- **Task item**: Your answer must be the exact lines below, starting with the line with "Royales Travel Humidor" and going on through the line with "Erick Apriyadi", both included, with no pictures.
──────── The data
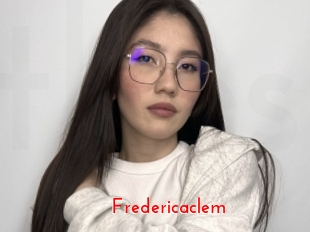 Fredericaclem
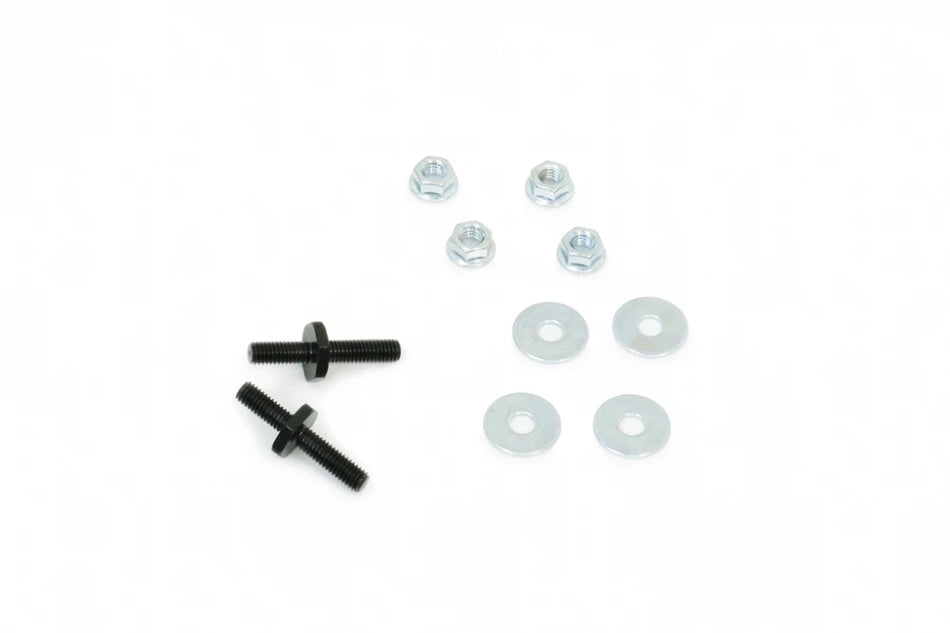 Hardrace MIDDLE LOWER 4-POINT BRACE HYUNDAI CUSTIN / CUSTO (0073309)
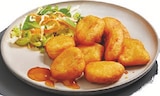 Chicken Nuggets mit Dips im Lidl Prospekt Chicken Nuggets mit Dips von Metzgerfrisch im aktuellen Lidl Prospekt für 7,79 €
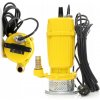 Čerpadlo Kraft&Dele 1600 W Viac ako 5000 l/h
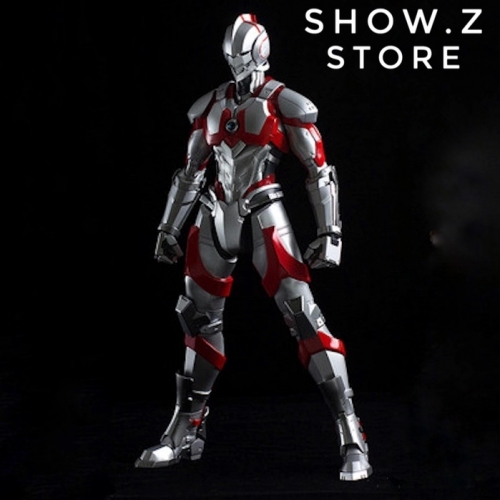 [Pre-Order] FanWan Model 1/6 Scale Hero's Meister Ultraman Suit Shinjiro Hayata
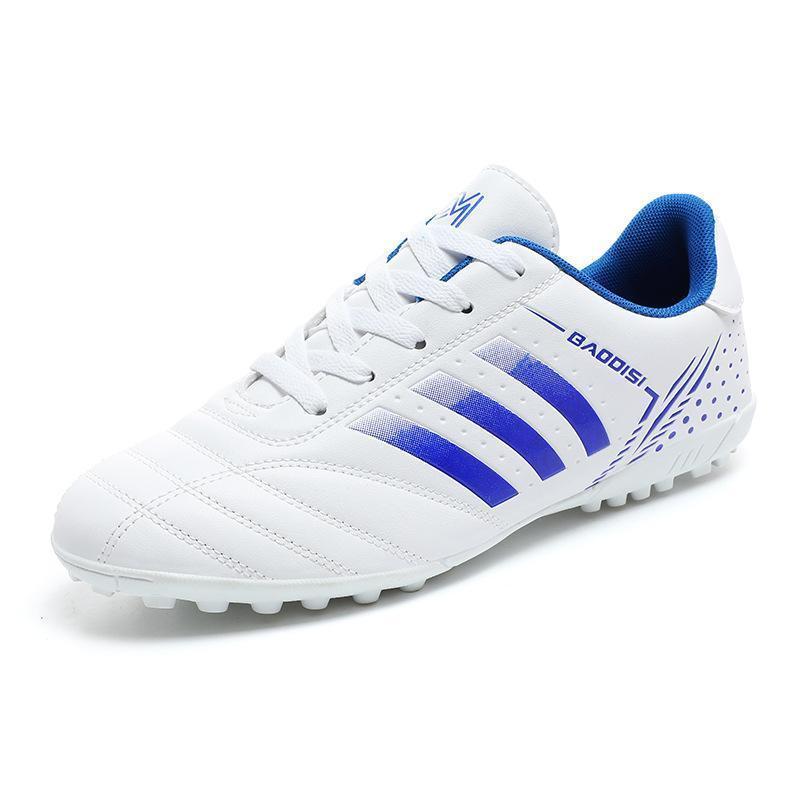 サッカーシューズ グレー ネイビー NIKE ナイキ マジスタ オーパス Ⅱ FG(グレー×ネイビー） 843813
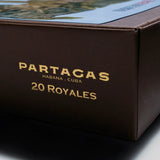 Royales Travel Humidor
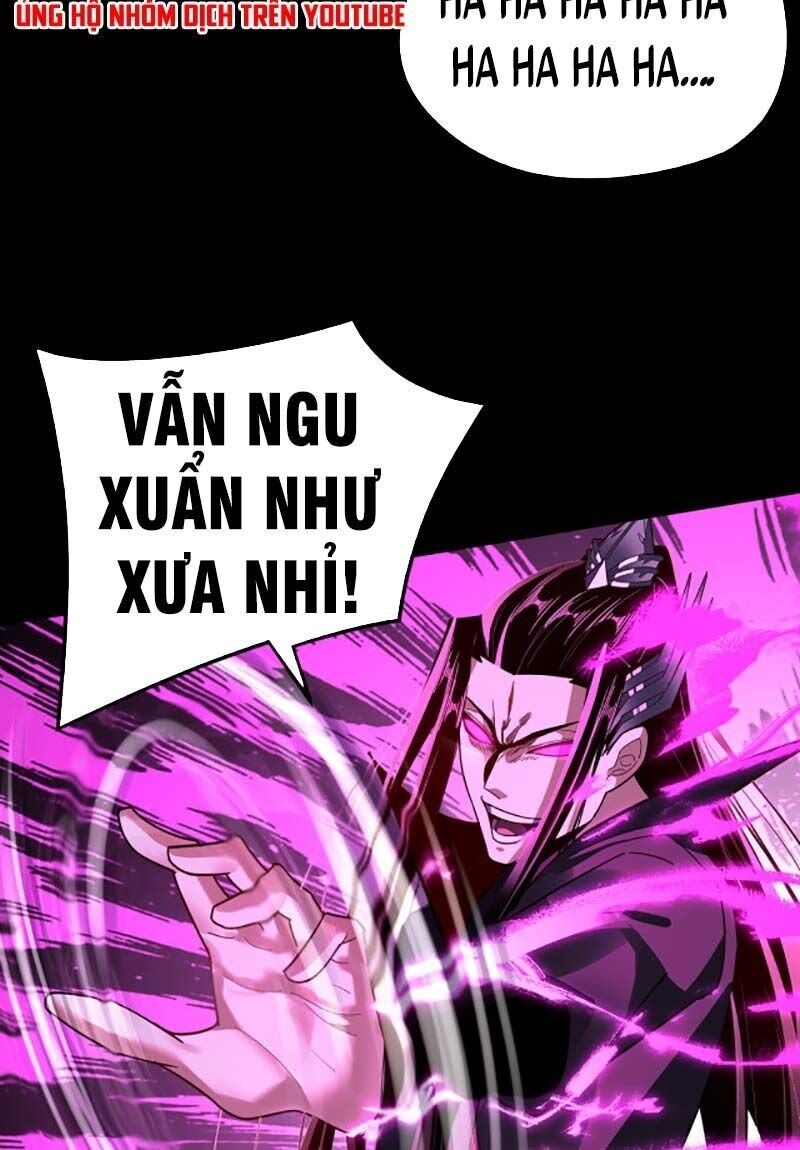 ta trời sinh đã là nhân vật phản diện chương 97 - Next chapter 98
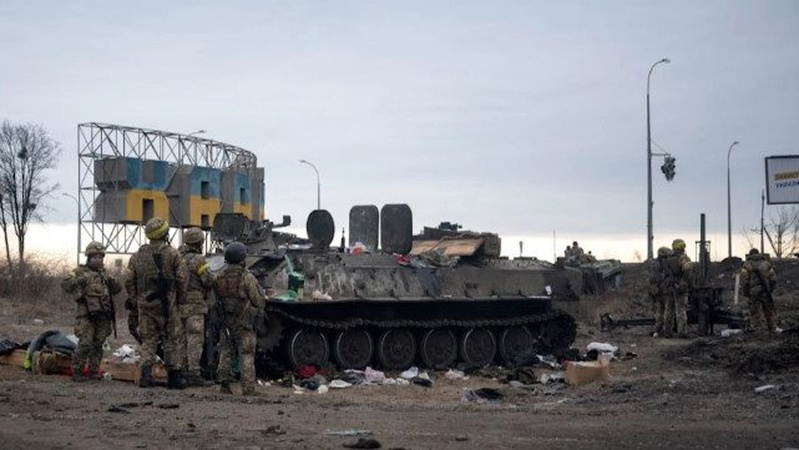 У гарячих точках росіяни вбили за добу 6 мирних українців і поранили 16-х: ситуація у регіонах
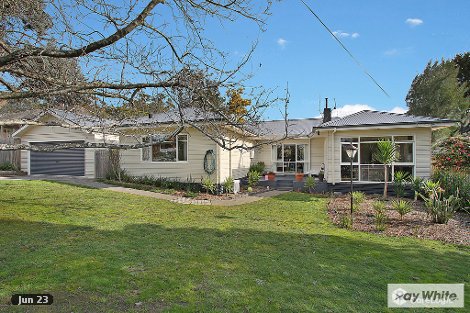 8 Hartley Rd, Croydon, VIC 3136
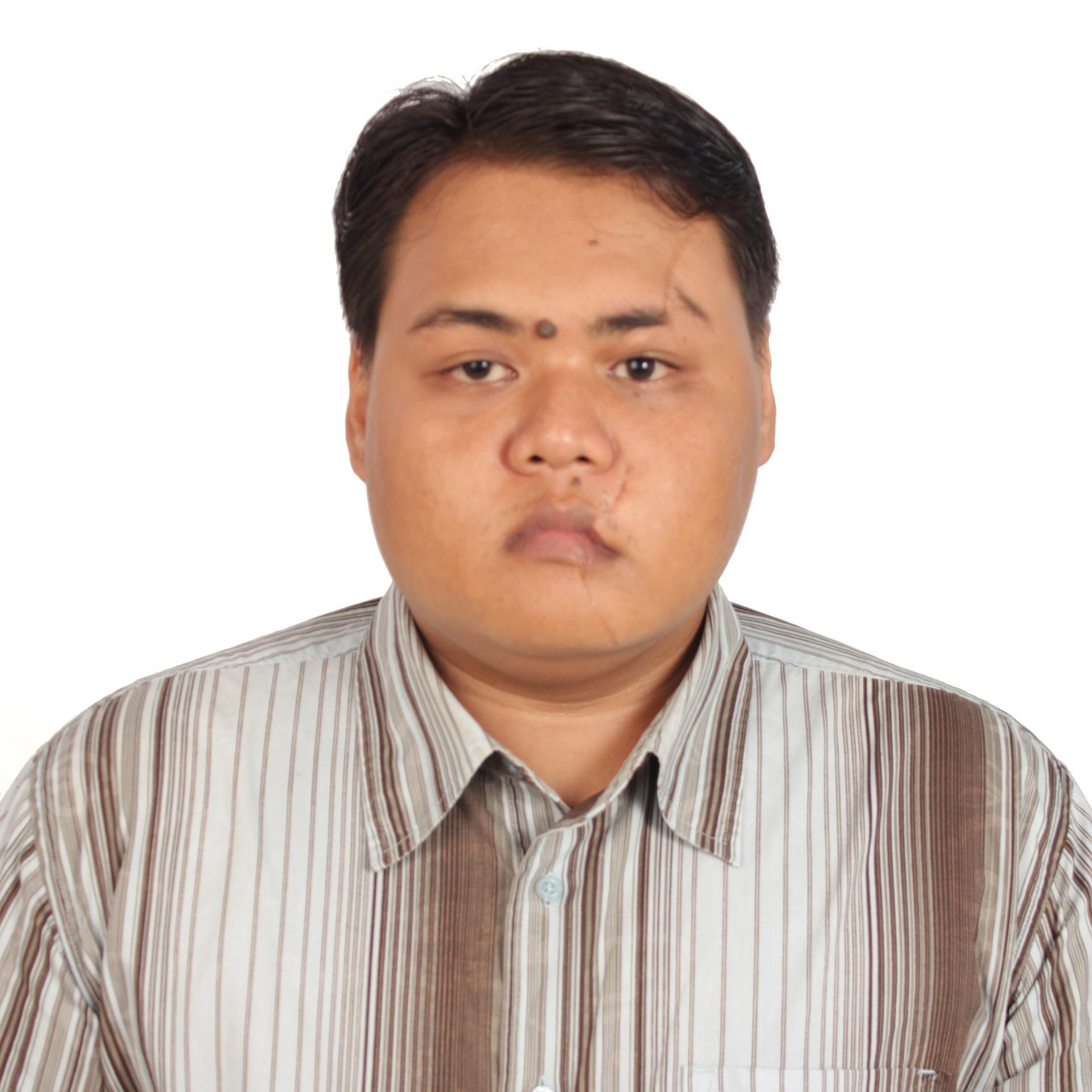 Erick Apriyadi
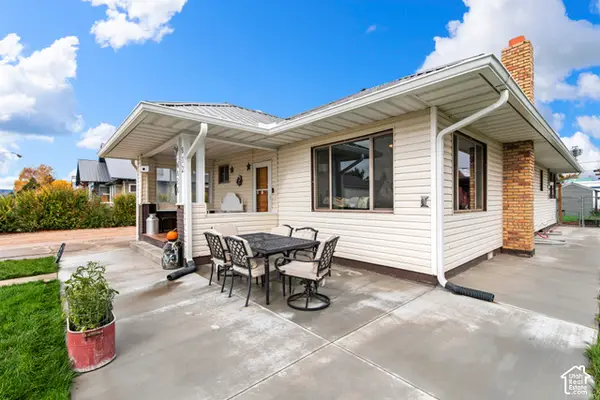 812 Lincoln St, Montpelier, ID 83254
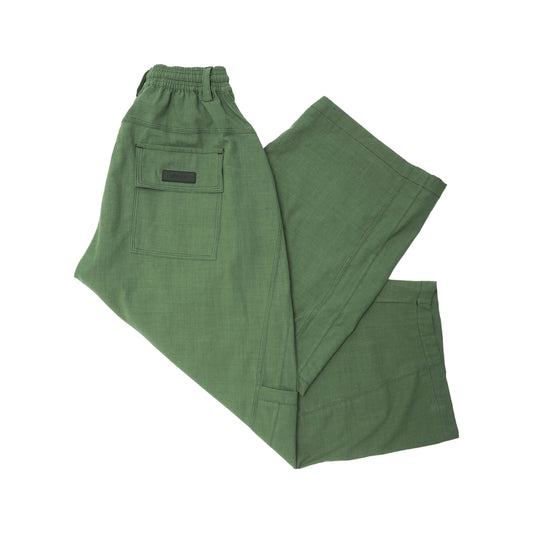 LOADOUT PANTS IN MOSS
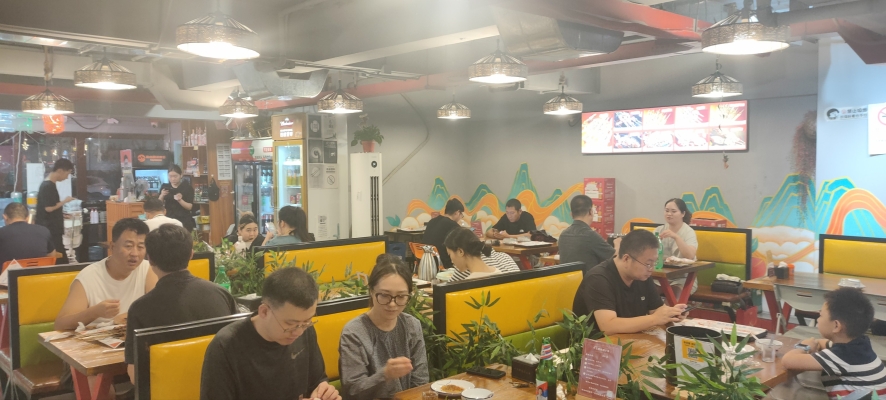 赤峰江湖串客串串香電話號(hào)碼-第1張圖片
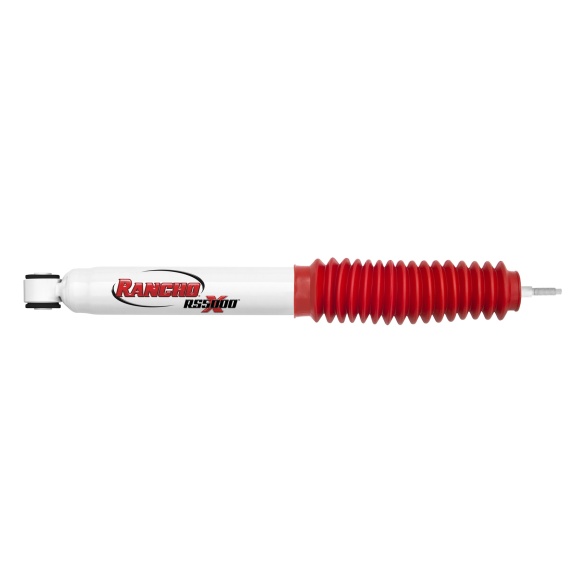 Rancho RS55072 RS5000X Rear Shock Absorber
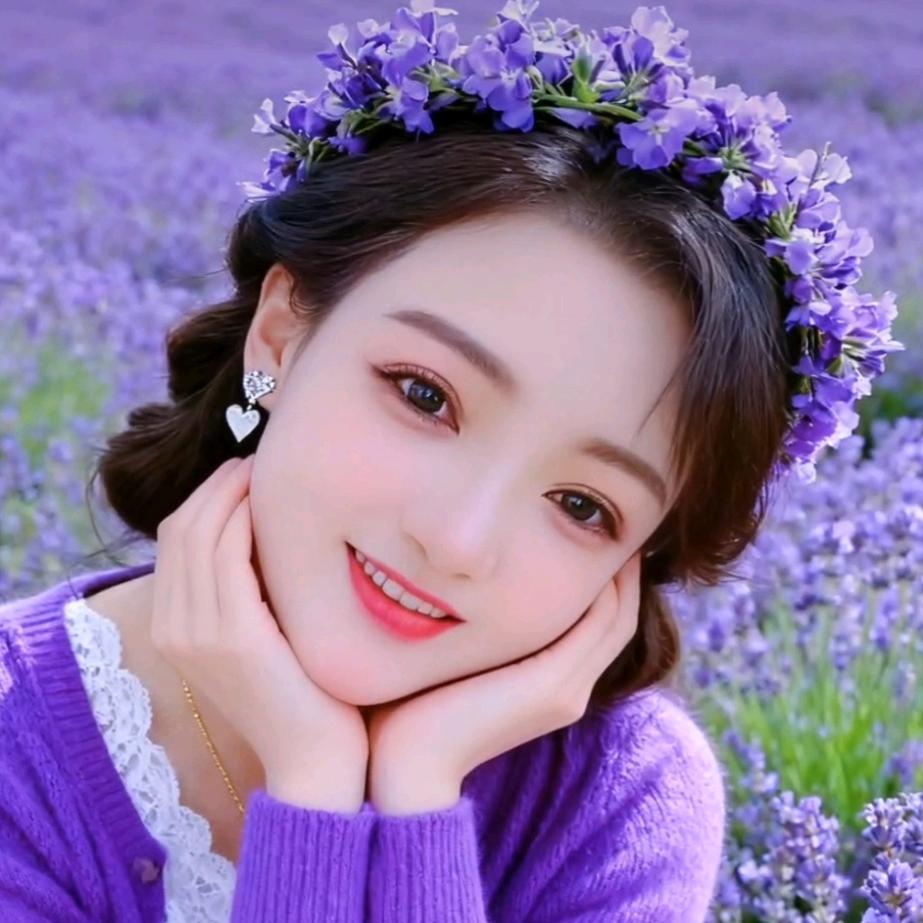 灿烂的阳光就是我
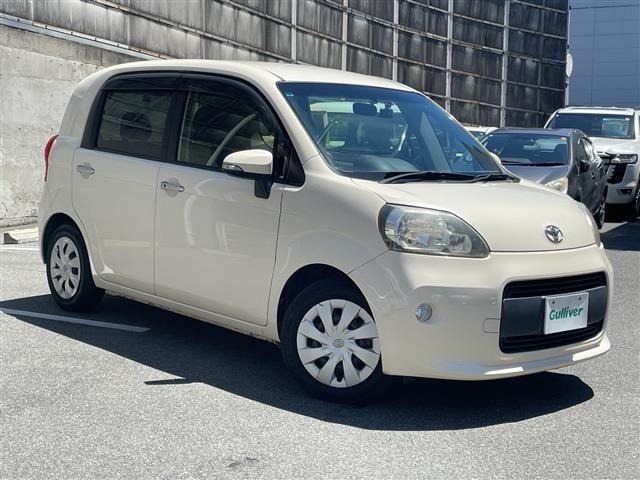 Toyota PORTE 2013 7430257-0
────────────────
- **Output of the task**:
 Royales Travel Humidor
 ta trời sinh đã là nhân vật phản diện chương 97 - Next chapter 98
 У гарячих точках росіяни вбили за добу 6 мирних українців і поранили 16-х: ситуація у регіонах
 8 Hartley Rd, Croydon, VIC 3136
 Erick Apriyadi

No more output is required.